Of course “eat” here is used interchangeably with consume/drive/use to generate energy, etc. The problem is there is not just one world; there are many and we all eat differently. The gains of technology and modern agricultural practice and by association, our relative ability to consume, have not been equally distributed. Darek Gondor’s essay last month included a stunning statistic illustrating this: just 10% of the world’s population accounts for 60% of the world’s consumption.

So, ironically, for a global problem like climate change, the term global population is meaningless. One cannot talk meaningfully about population without talking about the associated consumption. And if populations all consumed equally, the argument would be a whole lot simpler.

As usual, the devil is in the detail. Western Europeans get 10 times the calorific intake from meat than do those in the least developed countries of the world. The US has 25 times as many cars per 1,000 people as China. Norway consumes around 50 times the amount of household electricity than does Indonesia.

Recent figures from David Satterthwaite of the International Institute for Environment and Development further illustrate this complexity with respect to population. Between 1980 and 2005, sub-Saharan Africa increased its global share of population by 18.5% but its CO2 emissions by only 2.4%. China’s share, on the other hand, increased by 15.3 % for population and 44.5% for CO2 emissions. This is one example of why, in the truest sense, there is no population but populations.

Populations, economies, consumption

But people are a very visible entity. A large collection of people, especially in densely populated (but low emission) slums is more visible than the embodied emissions in a kilo of meat or a designer handbag. There are of course sound reasons for family planning, particularly local environmental ones. However, when talking about climate change, which is an issue of consumption, it is lazy thinking to imagine that limiting the population of the most populous or fastest growing  nations will be a magic solution to the problem.

[quote quote=”This is the confusing paradox: Lifting people out of poverty not only slows population growth, it also enables consumption.” ]

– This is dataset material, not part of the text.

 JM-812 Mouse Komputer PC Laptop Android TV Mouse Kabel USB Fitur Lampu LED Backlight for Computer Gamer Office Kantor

Condoms are great, but actually the world’s most effective contraceptive to date is economic development. Increasing affluence in time brings with it lower fertility as a co-benefit. But it also means increasing consumption levels and these have proportionally more impact than the consumption of a poorer child or two. A little affluence goes a long way to increasing consumption. This is the confusing paradox: Lifting people out of poverty not only slows population growth, it also enables consumption.

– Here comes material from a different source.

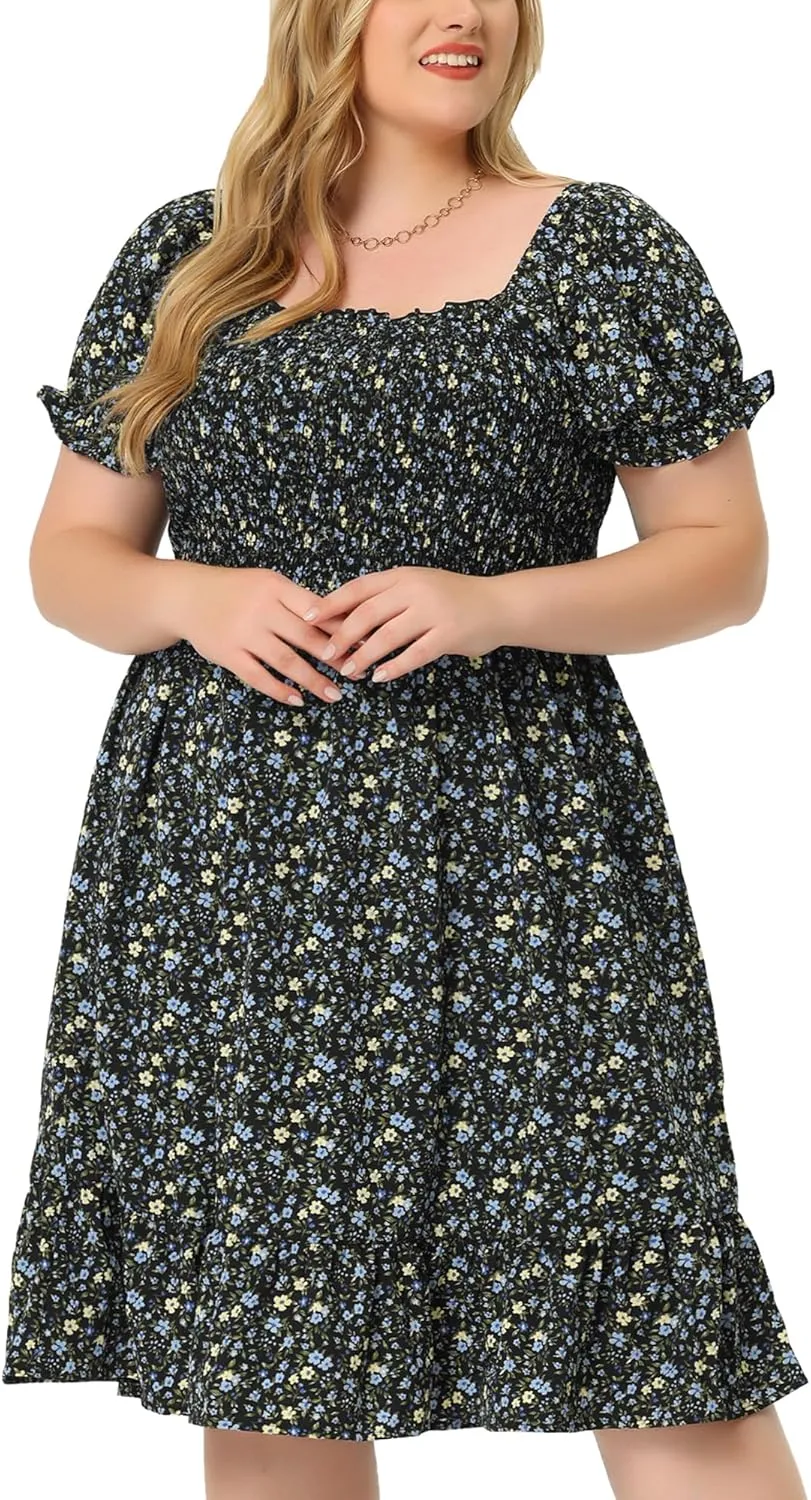 Agnes Orinda Plus Size Dress for Women Ruffle Short Sleeve Flared Flowy Smock Floral Print Dresses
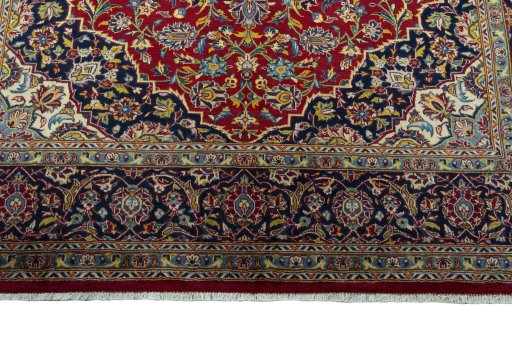 Full view of 2000s Kashan rug from Iran / Persia, 316 × 211 cm in Red tones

A 2009 study by United Nations University Institute for Advanced Studies researchers Tatiana Gadda and Alexandros Gasparatos, analyzing the Japanese post-war experience, illustrates massive increases in consumption for a relatively small population increase. Between 1950-1975 the per-capita economy rose by 580% and per-capita meat consumption by 1,500%. By contrast, the Japanese population increased by 33% over the same period. Given this sensitivity of consumption patterns to wealth, it is clear that population cannot be considered independently of other factors.

Developed countries have to lead

In order to circumvent this cognitive bias, it may be useful to think of consumption in terms of the current, near future (to 2020) and far future (beyond 2025).

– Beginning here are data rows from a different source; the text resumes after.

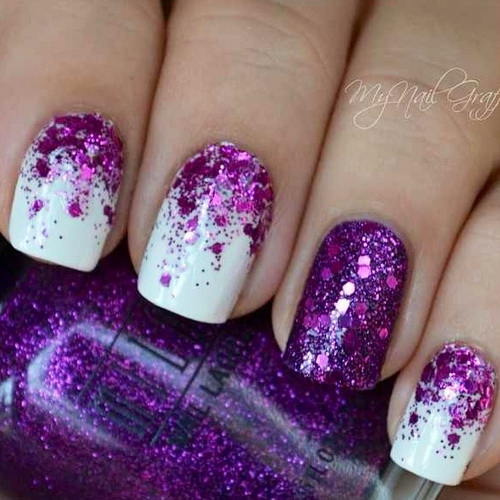 Purple Glitter Nails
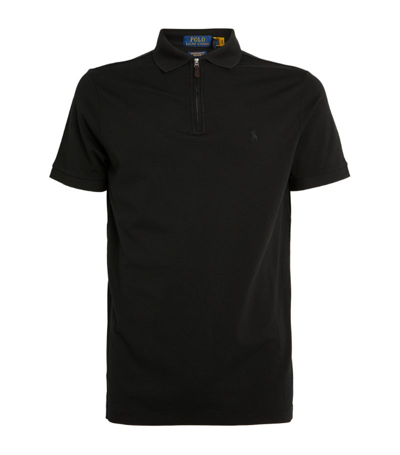 Polo Ralph Lauren Mesh Half-zip Polo Shirt In Black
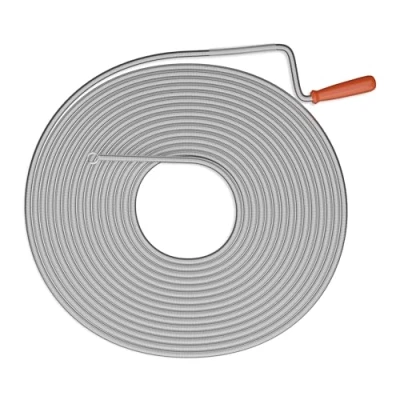 Imagen de Relaxdays Desatascador de Tuberías, 15 m, para Desatascar Fregaderos, Desagües y Duchas, Espiral, Acero, Platedo Rojo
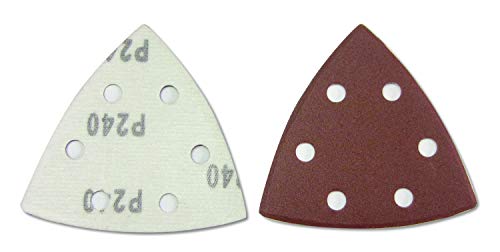 25 x HKB ® Schleifdreiecke, 93x93x93mm, 6-Loch für Delta-Schleifer, K240, Schleifmittel Korund, Hochwerige Profi-Qualität, feiner und riefenfreier Schliff, Hersteller HKB, Artikel-Nr. 201048 von HKB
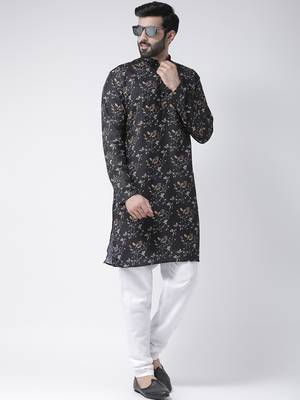 Black Printed Cotton Stitched Kurta Pajama 3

By far the biggest culprit of current consumption is the developed world. However, people in emerging economies are rapidly becoming part of this pattern, but the number of people who will become consumers in the next 10-15 years are largely already here. China’s middle class grew to 80 million in 2007, up 22% from 2005. It is projected to be 700 million in 2020. The far future consumption of the low-consuming billions could be enabled either through local economic development or migration to a higher consuming region.

[quote quote=”China’s middle class grew to 80 million in 2007, up 22% from 2005. It is projected to be 700 million in 2020.” ]

Set against such highly dynamic development patterns, over-emphasis on population risks is ignoring the real problem. Consumption is not just the bigger issue, but the fairer one. We will all have to learn to better share because more people want a slice of the pie.

And if the “peak oilers” are right, we are effectively talking about a future global population of nearer two billion (close to the levels found in 1920). The operative word here, however, is “future” — and outside of some sort of collapse, that future has to be over a century or more from now. However, the lowest UN population projections (PDF) indicate only the possibility of a fall to 5.5 billion by 2100, the highest is 14 billion and medium 9 billion.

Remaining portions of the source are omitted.